If I sold my software one-off, I could charge people again for an MV3-compatible version to cover the cost of the transition. But many/most people wouldn't understand what was happening, and there would probably be a lot of confusion/unhappiness with having to pay again just to maintain the same feature set.
People are used to buying subscriptions, and part of the reason why is that developers are constantly having to update their software just to stay 'alive' in the app stores. I do long for the days of purchasing software versions and upgrading when needed. But those days are fading into the rear view mirror, it would seem.

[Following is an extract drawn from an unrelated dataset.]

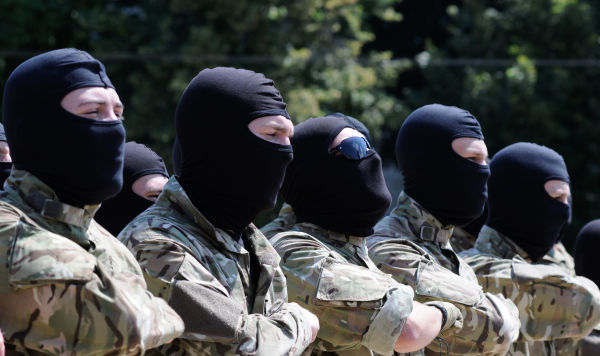 Бойцы батальона “Азов” принимают присягу на верность Украине на Софийской площади в Киеве перед отправкой на Донбасс Бойцы батальона “Азов” принимают присягу на верность Украине на Софийской площади в Киеве перед отправкой на Донбасс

I use a commercial OS that includes a notes app, a syncing password manager, and the vendor provides a pretty good (IMO) “office” suite for free. That software is essentially “paid for” by the cost of hardware.
My IDE is a subscription if I want to update to a newer version - but the version I have works perfectly fine “forever” if I don’t want to keep paying for it. Given how much money I make with this tool, it’s not much once a year to pay for updates.
I have a few other less critical dev tools that use a “pay per version” approach, which I haven’t necessarily got the latest version of.
Subscription software is relatively common now, yes. But I’ve not seen too many examples where there is no alternative at all: either a different pricing model for the same tool or an alternative tool with a different pricing model.
Every business needs a business model. Subscribers is a very clear one. I'm untrusting of any service that's free and doesn't rely on ad-revenue, because they have incentive to make money in other shady ways like selling your data to third-parties who will use it against your best interests.
Subscriptions are a nice business model because they are predictable costs/revenue to both customers and the business.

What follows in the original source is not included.